Editor’s note: Dick Jones is a frequent contributor to GunsAmerica. He’s also recently authored Gun Digest’s Guide to Concealed Carry Handguns.
As a firearms instructor, Dick has given a lot of thought to the questions beginners often ask themselves. At GunsAmerica, we–the so-called-experts–often get lost in the intricate debates about caliber selection, or grip textures, and forget that we–all of us who know and love guns–are also ambassadors and educators.
Here’s Dick’s introductory lesson for those who are considering concealed carry–and for those who may need to reconsider their own habits. The views expressed are his. ~
#1 Now’s the time to get certified.
The face of gun ownership in America is changing. While there are no statistics to establish just how many new gun owners there are, anyone who works behind a gun counter will tell you the number is staggering and continuing to grow. Many of these people aren’t buying guns for hunting, competition, or as collectors. They’re buying guns for personal defense and signing up for the right to concealed carry. They’re doing this because they share the belief that an armed citizen is less likely to be a victim of a violent crime than an unarmed one. In some states over 10 percent of the population now has a concealed carry permit. While this is happening, long time gun owners who never considered everyday carry have begun carrying guns as part of their daily routines.
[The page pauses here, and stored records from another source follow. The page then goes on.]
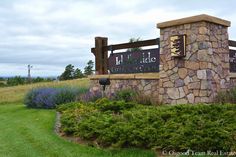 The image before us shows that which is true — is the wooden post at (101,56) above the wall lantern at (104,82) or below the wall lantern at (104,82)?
above

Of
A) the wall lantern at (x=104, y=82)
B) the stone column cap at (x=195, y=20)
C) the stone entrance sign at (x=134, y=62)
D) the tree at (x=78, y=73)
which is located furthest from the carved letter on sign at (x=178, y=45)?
the tree at (x=78, y=73)

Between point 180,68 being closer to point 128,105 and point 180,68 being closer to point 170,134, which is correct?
point 128,105

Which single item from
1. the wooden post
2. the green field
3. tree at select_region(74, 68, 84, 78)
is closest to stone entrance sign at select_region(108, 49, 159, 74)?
the wooden post

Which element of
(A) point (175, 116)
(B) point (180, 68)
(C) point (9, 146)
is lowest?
(C) point (9, 146)

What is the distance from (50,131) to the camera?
783cm

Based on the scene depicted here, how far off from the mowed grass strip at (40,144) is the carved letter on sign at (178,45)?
132 inches

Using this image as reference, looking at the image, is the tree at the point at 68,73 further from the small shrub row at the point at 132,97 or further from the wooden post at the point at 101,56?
the small shrub row at the point at 132,97

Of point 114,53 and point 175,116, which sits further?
point 114,53

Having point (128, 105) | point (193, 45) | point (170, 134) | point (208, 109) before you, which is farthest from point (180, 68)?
point (170, 134)

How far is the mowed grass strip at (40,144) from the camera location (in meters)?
5.72

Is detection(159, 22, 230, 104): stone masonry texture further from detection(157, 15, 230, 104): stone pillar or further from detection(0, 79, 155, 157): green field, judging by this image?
detection(0, 79, 155, 157): green field

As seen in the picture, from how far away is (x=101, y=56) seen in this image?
504 inches

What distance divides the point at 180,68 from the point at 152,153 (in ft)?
13.8

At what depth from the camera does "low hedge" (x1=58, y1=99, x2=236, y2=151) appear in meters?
5.09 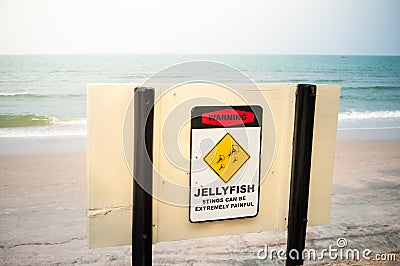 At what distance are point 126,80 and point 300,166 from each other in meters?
27.3

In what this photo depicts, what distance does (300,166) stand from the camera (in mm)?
2344

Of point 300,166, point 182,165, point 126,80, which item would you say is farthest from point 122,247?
point 126,80

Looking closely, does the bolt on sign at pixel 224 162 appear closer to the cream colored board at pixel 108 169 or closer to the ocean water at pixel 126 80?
the cream colored board at pixel 108 169

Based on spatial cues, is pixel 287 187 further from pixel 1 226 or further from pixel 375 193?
pixel 375 193

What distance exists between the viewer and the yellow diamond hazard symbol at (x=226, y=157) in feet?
7.35

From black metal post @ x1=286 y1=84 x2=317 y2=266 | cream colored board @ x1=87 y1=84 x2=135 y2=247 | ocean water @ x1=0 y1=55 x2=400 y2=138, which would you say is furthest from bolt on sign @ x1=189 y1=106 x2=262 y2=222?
ocean water @ x1=0 y1=55 x2=400 y2=138

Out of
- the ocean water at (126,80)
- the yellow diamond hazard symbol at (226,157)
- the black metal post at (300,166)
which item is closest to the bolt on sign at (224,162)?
the yellow diamond hazard symbol at (226,157)

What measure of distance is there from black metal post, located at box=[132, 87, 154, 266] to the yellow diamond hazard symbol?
301mm

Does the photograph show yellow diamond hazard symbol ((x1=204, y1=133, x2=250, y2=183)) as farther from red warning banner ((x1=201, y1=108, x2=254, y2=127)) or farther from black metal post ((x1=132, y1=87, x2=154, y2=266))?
black metal post ((x1=132, y1=87, x2=154, y2=266))

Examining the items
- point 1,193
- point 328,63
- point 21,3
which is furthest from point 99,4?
point 1,193

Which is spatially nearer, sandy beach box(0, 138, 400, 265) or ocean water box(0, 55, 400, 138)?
sandy beach box(0, 138, 400, 265)

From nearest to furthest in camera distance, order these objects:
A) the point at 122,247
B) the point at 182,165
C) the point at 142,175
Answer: the point at 142,175, the point at 182,165, the point at 122,247

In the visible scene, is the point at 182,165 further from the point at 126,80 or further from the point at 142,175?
the point at 126,80

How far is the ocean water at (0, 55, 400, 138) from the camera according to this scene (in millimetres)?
14719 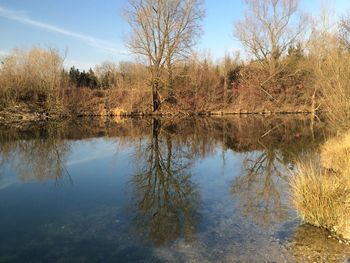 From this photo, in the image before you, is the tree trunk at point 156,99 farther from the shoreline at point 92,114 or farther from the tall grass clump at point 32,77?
the tall grass clump at point 32,77

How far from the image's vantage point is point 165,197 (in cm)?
777

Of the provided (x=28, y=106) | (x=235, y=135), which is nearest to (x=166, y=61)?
(x=28, y=106)

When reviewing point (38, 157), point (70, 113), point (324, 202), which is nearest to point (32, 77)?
point (70, 113)

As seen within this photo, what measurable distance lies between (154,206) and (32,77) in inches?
975

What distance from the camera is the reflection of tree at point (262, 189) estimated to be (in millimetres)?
6570

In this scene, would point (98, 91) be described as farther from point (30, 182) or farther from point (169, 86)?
point (30, 182)

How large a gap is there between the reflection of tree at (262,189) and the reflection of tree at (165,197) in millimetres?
1121

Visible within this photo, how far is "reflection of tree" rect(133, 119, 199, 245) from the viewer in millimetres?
5863

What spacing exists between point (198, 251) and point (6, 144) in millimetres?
13041

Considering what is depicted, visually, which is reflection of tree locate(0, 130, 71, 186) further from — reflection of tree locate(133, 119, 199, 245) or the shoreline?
the shoreline

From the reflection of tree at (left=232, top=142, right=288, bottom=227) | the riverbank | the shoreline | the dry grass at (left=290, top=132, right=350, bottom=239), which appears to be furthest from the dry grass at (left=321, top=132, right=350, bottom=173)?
the riverbank

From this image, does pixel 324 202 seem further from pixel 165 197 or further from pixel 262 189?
pixel 165 197

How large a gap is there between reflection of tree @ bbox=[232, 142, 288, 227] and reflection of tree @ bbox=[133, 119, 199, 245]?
1.12m

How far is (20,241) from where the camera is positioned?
5.52 meters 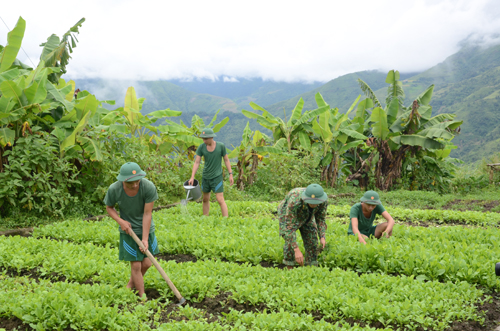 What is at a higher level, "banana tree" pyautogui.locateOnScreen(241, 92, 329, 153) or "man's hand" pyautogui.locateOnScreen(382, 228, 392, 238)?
"banana tree" pyautogui.locateOnScreen(241, 92, 329, 153)

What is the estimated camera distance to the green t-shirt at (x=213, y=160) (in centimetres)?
858

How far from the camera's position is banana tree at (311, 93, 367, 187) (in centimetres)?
1526

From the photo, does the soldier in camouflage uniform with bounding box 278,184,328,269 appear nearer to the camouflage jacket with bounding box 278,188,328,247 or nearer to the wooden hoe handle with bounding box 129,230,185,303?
the camouflage jacket with bounding box 278,188,328,247

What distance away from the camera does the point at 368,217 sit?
6965 mm

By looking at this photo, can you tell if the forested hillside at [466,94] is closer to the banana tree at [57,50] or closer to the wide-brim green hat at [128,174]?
the banana tree at [57,50]

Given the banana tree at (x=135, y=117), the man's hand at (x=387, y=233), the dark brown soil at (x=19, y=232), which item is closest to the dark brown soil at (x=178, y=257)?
the dark brown soil at (x=19, y=232)

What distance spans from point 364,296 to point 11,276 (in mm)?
5016

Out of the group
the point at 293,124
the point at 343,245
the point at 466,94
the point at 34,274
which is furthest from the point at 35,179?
the point at 466,94

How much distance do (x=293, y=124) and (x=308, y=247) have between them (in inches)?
437

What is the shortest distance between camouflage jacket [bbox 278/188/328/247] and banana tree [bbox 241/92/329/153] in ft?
34.8

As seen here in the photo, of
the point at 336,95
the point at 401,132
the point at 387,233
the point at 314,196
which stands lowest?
the point at 387,233

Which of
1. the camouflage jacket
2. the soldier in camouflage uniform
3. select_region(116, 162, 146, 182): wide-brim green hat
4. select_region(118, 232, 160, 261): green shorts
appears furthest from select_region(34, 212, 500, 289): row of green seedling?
select_region(116, 162, 146, 182): wide-brim green hat

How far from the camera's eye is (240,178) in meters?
14.7

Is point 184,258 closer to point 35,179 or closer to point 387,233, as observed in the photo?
point 387,233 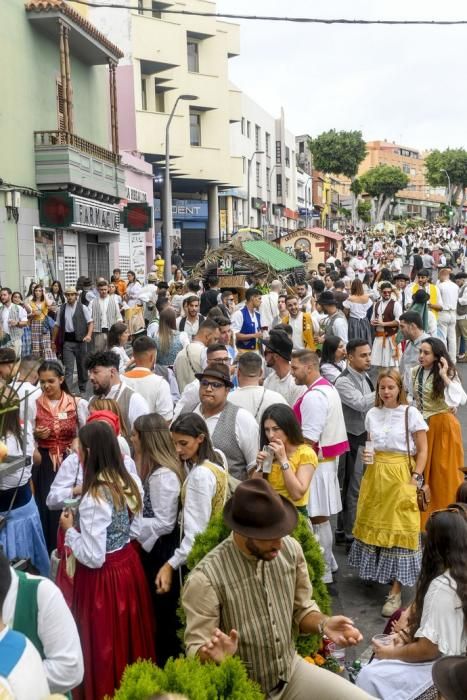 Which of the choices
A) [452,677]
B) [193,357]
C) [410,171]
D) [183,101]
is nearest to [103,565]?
[452,677]

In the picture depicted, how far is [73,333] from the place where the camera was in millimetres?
12734

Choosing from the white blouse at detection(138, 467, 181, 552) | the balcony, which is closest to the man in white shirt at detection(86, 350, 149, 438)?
the white blouse at detection(138, 467, 181, 552)

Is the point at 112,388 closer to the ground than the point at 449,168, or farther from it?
closer to the ground

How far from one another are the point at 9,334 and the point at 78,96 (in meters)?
11.7

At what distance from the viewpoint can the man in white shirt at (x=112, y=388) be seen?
594 cm

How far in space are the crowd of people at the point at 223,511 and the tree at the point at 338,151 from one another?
210 ft

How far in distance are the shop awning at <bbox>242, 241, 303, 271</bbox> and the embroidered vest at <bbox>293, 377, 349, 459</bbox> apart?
12383 mm

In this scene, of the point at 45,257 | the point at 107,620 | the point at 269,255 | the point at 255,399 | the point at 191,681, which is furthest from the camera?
the point at 45,257

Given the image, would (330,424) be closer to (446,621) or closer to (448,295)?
(446,621)

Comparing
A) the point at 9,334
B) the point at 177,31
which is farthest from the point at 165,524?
the point at 177,31

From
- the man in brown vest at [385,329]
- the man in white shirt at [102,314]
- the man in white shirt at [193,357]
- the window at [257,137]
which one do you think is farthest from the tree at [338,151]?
the man in white shirt at [193,357]

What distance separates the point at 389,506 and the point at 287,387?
1.46 meters

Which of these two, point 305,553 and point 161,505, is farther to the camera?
point 161,505

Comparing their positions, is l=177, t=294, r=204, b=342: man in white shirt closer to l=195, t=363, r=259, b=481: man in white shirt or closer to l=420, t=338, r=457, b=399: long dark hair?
l=420, t=338, r=457, b=399: long dark hair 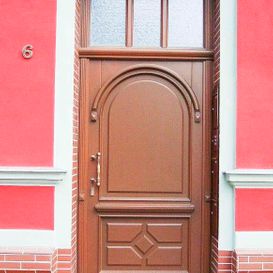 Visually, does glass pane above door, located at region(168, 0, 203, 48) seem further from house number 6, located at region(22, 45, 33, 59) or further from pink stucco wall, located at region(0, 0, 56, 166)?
house number 6, located at region(22, 45, 33, 59)

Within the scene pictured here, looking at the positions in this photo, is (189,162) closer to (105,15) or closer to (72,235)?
(72,235)

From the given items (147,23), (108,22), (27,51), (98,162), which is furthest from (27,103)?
(147,23)

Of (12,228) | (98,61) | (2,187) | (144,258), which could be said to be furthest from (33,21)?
(144,258)

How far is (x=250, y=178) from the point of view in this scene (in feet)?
16.4

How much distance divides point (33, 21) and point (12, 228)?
6.23 feet

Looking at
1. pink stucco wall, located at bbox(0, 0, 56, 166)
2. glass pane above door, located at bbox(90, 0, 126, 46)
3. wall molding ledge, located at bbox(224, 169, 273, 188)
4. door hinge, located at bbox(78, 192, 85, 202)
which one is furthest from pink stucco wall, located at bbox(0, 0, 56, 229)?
wall molding ledge, located at bbox(224, 169, 273, 188)

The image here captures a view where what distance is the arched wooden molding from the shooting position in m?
5.52

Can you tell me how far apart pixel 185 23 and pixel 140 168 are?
1.53 metres

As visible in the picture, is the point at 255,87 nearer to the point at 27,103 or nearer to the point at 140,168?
the point at 140,168

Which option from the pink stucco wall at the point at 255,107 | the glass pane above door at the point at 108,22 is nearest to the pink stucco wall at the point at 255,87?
the pink stucco wall at the point at 255,107

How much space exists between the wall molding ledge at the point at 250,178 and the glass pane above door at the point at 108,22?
1.73m

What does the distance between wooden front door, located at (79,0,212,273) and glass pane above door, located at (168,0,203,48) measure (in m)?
0.13

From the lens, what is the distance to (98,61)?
556 centimetres

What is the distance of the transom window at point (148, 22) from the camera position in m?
5.59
We may now have the highest percentage of citizens who are armed on a daily basis (at least since the beginning of the 20th century–maybe ever). In this burgeoning population of concealed carry citizens, it’s remarkable how few mistakes armed citizens make. During a recent internet search of newspaper and TV reports of incidents where concealed carry citizens wrongly used a gun as research for a book I was writing, I was hard pressed to find a single case of wrongdoing by licensed concealed carry citizen.
The message here is simple. If you haven’t gotten certified, now’s the time. Even if you don’t know if you would carry, or would even want to carry, you have the right to carry. You may bristle at the need for a piece of paper that allows you to exercise what is a Constitutional right. I understand that argument. Still, as the number of law-abiding citizens who carry firearms grows, we become more influential.
#2 Buy the ideal carry gun and gear
Many new gun owners purchase guns that don’t fit their lifestyle requirements and–because of this–they often leave them at home. Experienced gun owners sometimes insist on carrying guns they’re emotionally attached to, that are too large and heavy, and as a result, the guns stay at home or in the car. It is hard to defend yourself and your loved ones with the idea of a gun.
In many cases, shooting skills among concealed carry citizens leave a lot to be desired because many never really learned how to shoot properly. The vast majority of Americans who carry daily have received scant instruction during their concealed carry certification class. In some states, the class lasts only a couple of hours and several states require no class at all. The classes are often taught by individuals with little real world knowledge of shooting and poor and even dangerous advice runs rampant.
#3 You have to practice
While there’s no doubt concealed carry citizens are less likely to be victims, many are poorly prepared to deal with real life situations. The preponderance of concealed carry citizens simply don’t spend enough time shooting to operate their gun as a conditioned response, and most don’t practice on a regular basis.
Few concealed carry citizens actually practice drawing and shooting from their concealed holsters. Ammunition choices are made with little information about effectiveness. Few are prepared to handle malfunctions and have little idea of what represents the most effective shot placement.
#4 Practice situational awareness
Of course, there’s more to personal defense than effective shooting. Living your life in a state of situational awareness will probably do more to make you safe than simply carrying a gun. Where you sit in a public location and how you conduct yourself while walking down the street have a substantial influence on your level of safety.
These are habits you can practice, and should practice, daily. Everywhere. Especially where you feel most comfortable.
#5 Know the law
Complete and confident knowledge of the laws concerning the use of deadly force where you are is also invaluable should you have to execute your right and ability to use deadly force. Depending on where you live, you have a low risk or almost no risk at all of criminal prosecution, provided you use reasonable judgment in a deadly force event. On the other hand, you are almost certain to be sued, whether your assailant survives the event or not.
An intricate knowledge of the law, combined with mental preparation in considering different scenarios, will also allow you to use good judgment in conversations with law enforcement after the event. These conversations become public record and will be the first thing an attorney representing your assailant or the family of your assailant will review.
There’s no doubt an armed citizen is less likely to become a victim or a statistic, but daily life as a concealed carry citizen carries responsibilities. These responsibilities extend beyond what the law requires, they extend into your personal life and affect the ones you love and wish to protect. Being operationally prepared to protect yourself and them, being constantly aware of what’s happening around you, and knowing how to deal with the legal issues should you be required to execute your right to self-defense are just as important as the gun, ammunition, and holster you choose.